BCIRG-001: Phase III randomized trial comparing adjuvant TAC to FAC

Study design

In our first study, BCIRG-001, 1,500 women from 21 countries were randomly assigned to six cycles of adjuvant TAC (docetaxel, doxorubicin and cyclophosphamide) or FAC (5-FU, doxorubicin and cyclophosphamide) (3.1). The women enrolled in the trial had node-positive disease.

Overall results

We now have mature results with five years of follow-up. The trial demonstrated that adjuvant TAC significantly improved disease-free survival by 28 percent in relative terms (p = 0.001). Overall survival was also strikingly improved; the trial demonstrated a 30 percent relative reduction in mortality with adjuvant TAC, which was an absolute six percent improvement in overall survival (3.1).
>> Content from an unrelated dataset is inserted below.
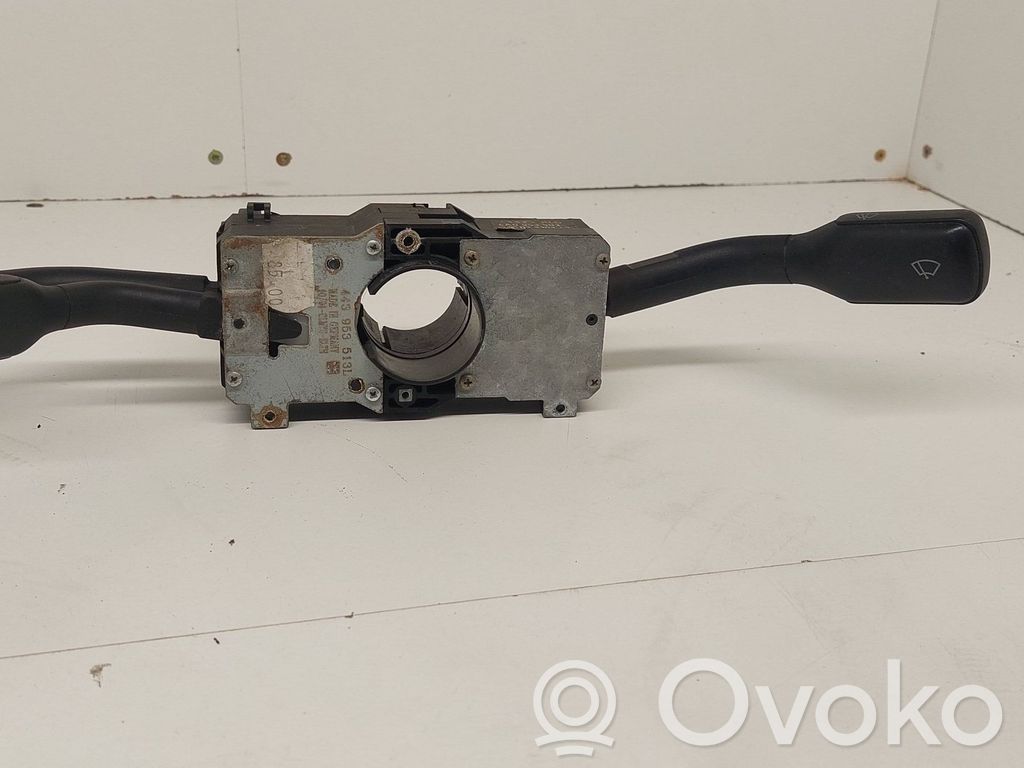 Audi 80 90 B3 Interruptor/palanca de limpiador de luz de giro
Benefit according to number of positive axillary lymph nodes

For the final analysis at 590 events, the trial was powered to determine whether a correlation exists between the number of positive axillary lymph nodes and the benefit associated with adjuvant TAC. Investigators evaluated the data to determine whether a significant difference exists in the ratio of the hazard ratios for patients with four or more involved axillary nodes and patients with one to three involved axillary nodes.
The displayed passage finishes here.